4. Relaxation

 

Why do we need to relax?

There are so many health benefits when we allow ourselves time to fully relax. One of the biggest well-being factors to relaxation is the increase in blood flow to our muscles and the lowering of fatigue. We live very stressful lives and tend to miss this very import component of optimal health. 

Without relaxation our stress symptoms and anxiety increase which can lead to ill health inducing high blood pressure, heart and circulatory disease. 

Relaxation techniques can help with the reduction of stress and also aids in the limiting of muscle tension and chronic pain. 

Relaxation helps both physical and mental health. Relaxation techniques have also been known to reduce mental health conditions such as depression, anxiety and schizophrenia 

How do we fully relax?

There are many forms and techniques to enable us to relax. When we say we are relaxing.......are we really? The answer to this is probably 'No'! 

Why do I say this? Often, when we say we are having a relaxing evening, this invariable is not the case! We are generally either, sitting on the sofa scrolling through social media, joining a group of friends for a night of eating and drinking or eating takeaways rather than having to spend valuable time cooking. 

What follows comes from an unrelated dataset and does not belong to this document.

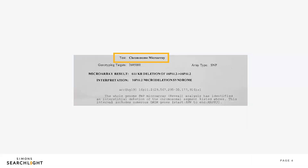Moving down you'll often see the test name. If you have a copy number variant — a CNV — you likely had a microarray test. This is a genetic technique that looks for missing or extra genetic material. On the report you will find more information on the type of microarray, such as an SNP, which is just one of the many microarray tests. The result will tell you about what genetic material is missing or deleted, or what genetic material is extra or duplicated.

These activities may feel like a good use of your time but they are not relaxing techniques to enhance your health. 

Relaxation techniques as with most things, will take some time and practice to fully reap the benefits on offer. We often feel we are too short on time to add yet another form of exercise into our already long list of 'things to do'. 

Relaxation methods can actually take as little as 5 minutes to gain a substantial amount of well being. There are also some very pleasurable ways to relax which will make us willing to put aside some allotted free time to enjoy.

Relaxation Techniques

  • Deep breathing
  • Meditation
  • Music or Art therapy
  • Yoga
  • Mindful walking
  • Light exercise in the fresh air
  • Visualisation
  • Creative hobbies
  • Tai Chi
  • A massage
  • Spa time
  • Aromatherapy
  • Hydrotherapy

There is a very simple and effective relaxation technique that requires very little skill and well worth 5 minutes of your time. 

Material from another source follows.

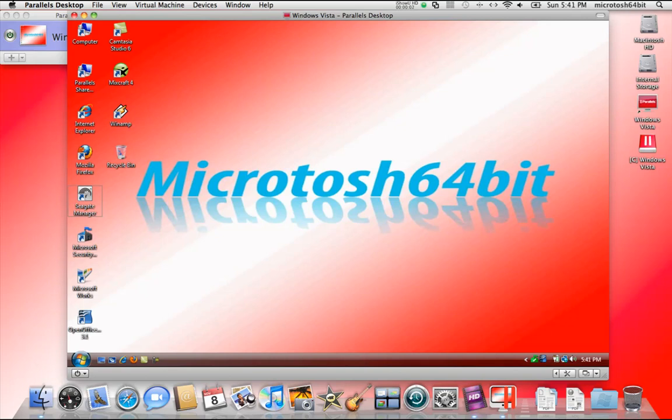In the last video we looked at Parallels Desktop 5.0 for Mac. I didn't cover one very new nice feature in the last video, but I think I'm going to show you it now.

Deep breathing will help conquer your usual reactions to stressful situations. One of the physical symptoms of stress is rapid breathing. Once you have practised deep breathing and recognised the calming effect it has on your physical and mental self, you will be able to apply this technique in future moments of stress. 

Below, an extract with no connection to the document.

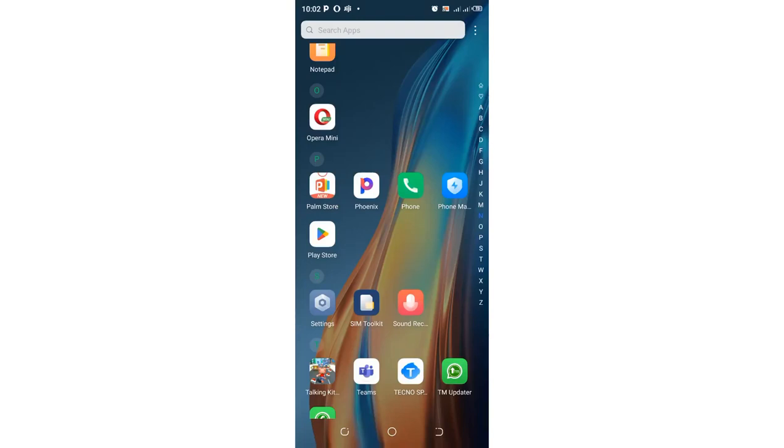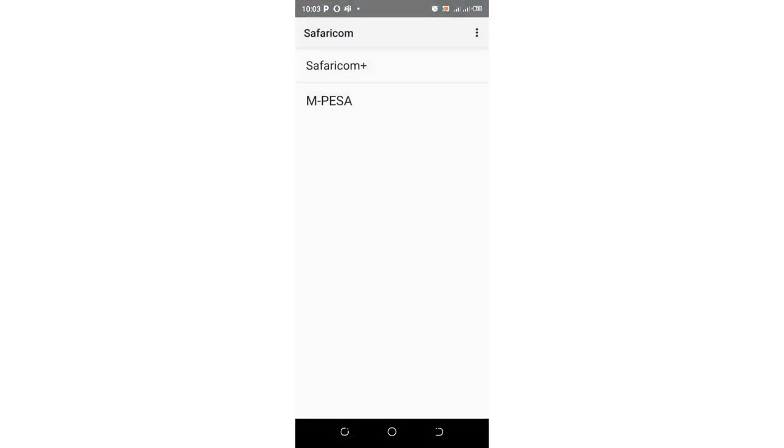In this video I would like to take you through how you can download an M-Pesa mini statement. What you are required to do is get into your phone SIM toolkit, then click the option M-Pesa.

Try this.....take deep breaths in sync with the video


Click Here for the Deep Breathing Triangle




Below is a PDF with some simple examples of relaxation techniques.

Click Here for your FREE Relaxation PDF


Conclusion

Relaxation techniques take time to practice, but as you learn each practice you will become aware of muscle tension and the physical sensations of stress. Don't give up if it feels an impossible task and the benefits do not seem apparent initially. 

Give yourself some time and enjoy the space and 'me' time you give yourself to truly relax. This is a skill and with all skills it takes practice. Try several practices until you find the one that suits you and you are comfortable with. The benefits of relaxation for your physical and mental health are:

  • Slowing heart rate
  • Lower blood pressure
  • Reduction of stress levels
  • Slower and deeper breathing
  • Reduction of muscle tension and chronic pain
  • Lowering fatigue levels
  • Increased blood flow to major muscles
  • Improved digestion
  • Maintaining normal blood sugar levels
  • Improving cognitive skills
  • Improving sleep time
  • Improving mood
  • Reducing anger and frustration
  • Increasing confidence in handling moments of stress.